Whether or not a volunteer is considered an employee of the municipality depends on the situation and the applicable law. Volunteers are employees for some purposes, and only volunteers with no employment rights for other purposes.
Volunteers are not considered employees for purposes of the Little Hatch Act, or T.C.A. § 7-51-1501.
Volunteers are employees for purposes of the workers’ compensation law and Government Tort Liability Act.
The Department of Labor considers volunteers to be volunteers only and not employees, so there is no hourly rate required or overtime liability for the municipality as long as the municipality follows DOL requirements for any compensation the municipality may provide.
When it comes to application of personnel policies, volunteers are considered employees as the city has the legal duty to enforce rules and keep the volunteers compliant with city policies. Because a volunteer firefighter working for a municipal fire department is a common-law employee, the municipality’s personnel policies, rules, and regulations apply to the volunteer. The reason for this is that actions of volunteer employees can cause liability for the city, just as actions of regular employees can bring liability.

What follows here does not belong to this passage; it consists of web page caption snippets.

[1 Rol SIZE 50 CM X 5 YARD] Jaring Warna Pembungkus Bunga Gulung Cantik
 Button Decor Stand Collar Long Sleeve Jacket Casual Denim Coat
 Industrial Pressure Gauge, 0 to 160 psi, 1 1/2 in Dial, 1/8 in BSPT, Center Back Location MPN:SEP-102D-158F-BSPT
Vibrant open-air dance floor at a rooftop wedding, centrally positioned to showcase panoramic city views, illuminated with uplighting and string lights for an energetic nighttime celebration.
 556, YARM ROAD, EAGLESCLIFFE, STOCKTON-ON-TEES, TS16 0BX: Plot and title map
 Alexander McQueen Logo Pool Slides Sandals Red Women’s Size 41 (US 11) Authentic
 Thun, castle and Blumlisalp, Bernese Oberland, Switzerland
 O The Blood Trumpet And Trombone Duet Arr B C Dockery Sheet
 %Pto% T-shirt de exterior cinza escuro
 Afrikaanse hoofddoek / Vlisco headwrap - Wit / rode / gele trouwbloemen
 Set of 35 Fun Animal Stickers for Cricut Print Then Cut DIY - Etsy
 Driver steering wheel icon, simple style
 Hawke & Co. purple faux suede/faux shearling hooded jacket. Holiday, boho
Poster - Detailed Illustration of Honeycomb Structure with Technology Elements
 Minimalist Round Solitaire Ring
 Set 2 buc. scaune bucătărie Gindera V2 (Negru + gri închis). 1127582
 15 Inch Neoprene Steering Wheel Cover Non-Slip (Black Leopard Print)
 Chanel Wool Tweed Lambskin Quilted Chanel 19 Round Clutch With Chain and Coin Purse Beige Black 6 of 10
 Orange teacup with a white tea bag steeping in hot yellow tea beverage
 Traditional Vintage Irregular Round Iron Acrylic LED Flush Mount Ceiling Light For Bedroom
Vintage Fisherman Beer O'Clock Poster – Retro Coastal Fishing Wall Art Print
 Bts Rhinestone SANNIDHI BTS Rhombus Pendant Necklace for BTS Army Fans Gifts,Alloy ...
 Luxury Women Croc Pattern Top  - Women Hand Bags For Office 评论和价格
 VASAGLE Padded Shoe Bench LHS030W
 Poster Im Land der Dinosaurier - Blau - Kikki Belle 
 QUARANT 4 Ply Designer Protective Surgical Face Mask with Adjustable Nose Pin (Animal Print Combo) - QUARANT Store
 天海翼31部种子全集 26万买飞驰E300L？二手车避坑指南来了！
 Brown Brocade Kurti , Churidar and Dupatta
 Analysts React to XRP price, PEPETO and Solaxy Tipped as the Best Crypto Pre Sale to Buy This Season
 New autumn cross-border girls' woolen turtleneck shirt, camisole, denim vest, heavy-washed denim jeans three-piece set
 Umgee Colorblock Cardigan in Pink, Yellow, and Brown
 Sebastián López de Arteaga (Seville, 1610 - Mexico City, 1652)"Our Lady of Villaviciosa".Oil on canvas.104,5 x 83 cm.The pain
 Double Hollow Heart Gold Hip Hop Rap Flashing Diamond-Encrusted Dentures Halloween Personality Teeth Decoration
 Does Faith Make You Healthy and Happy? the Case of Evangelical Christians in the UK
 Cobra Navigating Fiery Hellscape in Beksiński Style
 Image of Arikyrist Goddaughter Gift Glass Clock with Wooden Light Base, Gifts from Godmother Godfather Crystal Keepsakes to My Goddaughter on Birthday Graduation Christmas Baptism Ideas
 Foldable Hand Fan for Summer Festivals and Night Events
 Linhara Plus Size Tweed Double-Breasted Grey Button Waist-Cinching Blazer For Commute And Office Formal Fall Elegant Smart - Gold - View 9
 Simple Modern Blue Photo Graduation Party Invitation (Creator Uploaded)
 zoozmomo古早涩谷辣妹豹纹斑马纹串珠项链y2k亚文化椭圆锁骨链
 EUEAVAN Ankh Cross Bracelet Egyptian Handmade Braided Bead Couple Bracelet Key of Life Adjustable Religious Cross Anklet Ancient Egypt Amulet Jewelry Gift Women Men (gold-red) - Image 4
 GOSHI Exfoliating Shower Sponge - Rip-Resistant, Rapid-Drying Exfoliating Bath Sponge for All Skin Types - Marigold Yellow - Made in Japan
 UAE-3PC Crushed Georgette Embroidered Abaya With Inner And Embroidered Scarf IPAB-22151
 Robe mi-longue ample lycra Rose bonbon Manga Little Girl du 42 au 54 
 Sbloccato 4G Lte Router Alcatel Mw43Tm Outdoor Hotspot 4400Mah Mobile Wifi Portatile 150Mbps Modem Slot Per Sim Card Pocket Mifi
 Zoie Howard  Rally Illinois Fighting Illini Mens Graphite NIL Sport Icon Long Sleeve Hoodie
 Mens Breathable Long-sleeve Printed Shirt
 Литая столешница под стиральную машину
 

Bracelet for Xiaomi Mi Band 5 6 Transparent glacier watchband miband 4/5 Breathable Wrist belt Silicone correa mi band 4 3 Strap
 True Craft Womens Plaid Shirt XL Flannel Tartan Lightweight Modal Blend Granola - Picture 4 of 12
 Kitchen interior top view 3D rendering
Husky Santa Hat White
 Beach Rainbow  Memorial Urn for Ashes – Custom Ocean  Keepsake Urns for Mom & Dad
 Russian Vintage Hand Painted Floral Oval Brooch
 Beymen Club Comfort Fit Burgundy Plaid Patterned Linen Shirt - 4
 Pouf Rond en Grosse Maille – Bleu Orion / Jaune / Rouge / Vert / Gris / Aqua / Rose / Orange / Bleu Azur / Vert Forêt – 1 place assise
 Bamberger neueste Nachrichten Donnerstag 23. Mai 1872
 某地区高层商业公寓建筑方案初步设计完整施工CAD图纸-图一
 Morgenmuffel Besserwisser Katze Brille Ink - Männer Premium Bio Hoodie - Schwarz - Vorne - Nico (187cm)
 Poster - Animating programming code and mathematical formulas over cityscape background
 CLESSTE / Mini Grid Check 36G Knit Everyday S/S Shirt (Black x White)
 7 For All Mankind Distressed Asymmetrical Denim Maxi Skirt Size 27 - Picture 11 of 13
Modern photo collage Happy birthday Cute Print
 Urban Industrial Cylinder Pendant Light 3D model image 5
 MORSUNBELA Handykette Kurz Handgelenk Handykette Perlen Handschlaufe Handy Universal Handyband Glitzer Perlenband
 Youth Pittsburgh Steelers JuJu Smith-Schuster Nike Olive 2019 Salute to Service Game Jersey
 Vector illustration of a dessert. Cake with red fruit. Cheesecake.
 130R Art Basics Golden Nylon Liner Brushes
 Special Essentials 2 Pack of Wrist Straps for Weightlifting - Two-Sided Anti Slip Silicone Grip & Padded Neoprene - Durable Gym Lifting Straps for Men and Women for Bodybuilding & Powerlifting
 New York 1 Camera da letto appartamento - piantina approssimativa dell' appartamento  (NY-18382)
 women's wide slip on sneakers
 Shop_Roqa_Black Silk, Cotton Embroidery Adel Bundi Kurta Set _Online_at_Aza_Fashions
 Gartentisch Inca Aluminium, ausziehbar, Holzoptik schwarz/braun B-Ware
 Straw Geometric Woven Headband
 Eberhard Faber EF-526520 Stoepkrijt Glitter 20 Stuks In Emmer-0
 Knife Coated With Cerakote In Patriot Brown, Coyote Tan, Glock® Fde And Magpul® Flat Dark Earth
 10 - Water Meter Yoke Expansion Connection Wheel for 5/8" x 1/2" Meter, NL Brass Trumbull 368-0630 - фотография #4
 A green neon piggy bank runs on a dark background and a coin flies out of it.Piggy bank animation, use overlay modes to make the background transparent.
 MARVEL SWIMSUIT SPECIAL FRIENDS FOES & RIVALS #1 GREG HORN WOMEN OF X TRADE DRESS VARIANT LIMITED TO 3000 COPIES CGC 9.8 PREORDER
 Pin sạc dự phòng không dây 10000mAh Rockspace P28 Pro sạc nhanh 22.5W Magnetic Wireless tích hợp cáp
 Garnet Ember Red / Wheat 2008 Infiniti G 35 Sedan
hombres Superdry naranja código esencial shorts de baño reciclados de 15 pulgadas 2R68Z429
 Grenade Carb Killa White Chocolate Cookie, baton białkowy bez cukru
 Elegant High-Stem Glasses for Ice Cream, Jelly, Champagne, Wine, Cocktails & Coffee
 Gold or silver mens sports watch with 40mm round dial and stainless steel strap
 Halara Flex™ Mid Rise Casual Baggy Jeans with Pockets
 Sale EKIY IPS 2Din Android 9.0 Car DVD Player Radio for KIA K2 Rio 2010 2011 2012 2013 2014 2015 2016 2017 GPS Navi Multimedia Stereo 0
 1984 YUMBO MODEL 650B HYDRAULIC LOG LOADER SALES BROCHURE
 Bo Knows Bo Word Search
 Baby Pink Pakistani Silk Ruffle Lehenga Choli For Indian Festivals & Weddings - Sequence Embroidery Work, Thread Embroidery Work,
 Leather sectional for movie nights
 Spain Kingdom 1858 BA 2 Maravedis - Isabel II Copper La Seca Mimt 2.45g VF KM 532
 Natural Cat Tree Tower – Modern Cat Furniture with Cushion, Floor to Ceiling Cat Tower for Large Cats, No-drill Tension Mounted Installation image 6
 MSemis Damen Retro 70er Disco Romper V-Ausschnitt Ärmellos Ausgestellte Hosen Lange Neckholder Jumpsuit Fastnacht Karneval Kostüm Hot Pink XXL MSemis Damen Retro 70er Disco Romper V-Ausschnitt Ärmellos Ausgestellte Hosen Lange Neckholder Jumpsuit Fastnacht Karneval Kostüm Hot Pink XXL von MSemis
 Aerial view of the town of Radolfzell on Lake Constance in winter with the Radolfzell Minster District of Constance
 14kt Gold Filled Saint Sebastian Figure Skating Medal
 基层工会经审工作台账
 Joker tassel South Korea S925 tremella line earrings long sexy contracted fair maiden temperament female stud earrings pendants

A municipality receiving fire services from an independently owned and operated volunteer fire department should have a written agreement with the fire department that includes how the volunteer firefighters will be supervised and whether they will follow any of the municipality’s policies and procedures. If the volunteer firefighters will follow municipality policies and procedures, the written agreement should reference those specific policies, procedures, rules, and regulations.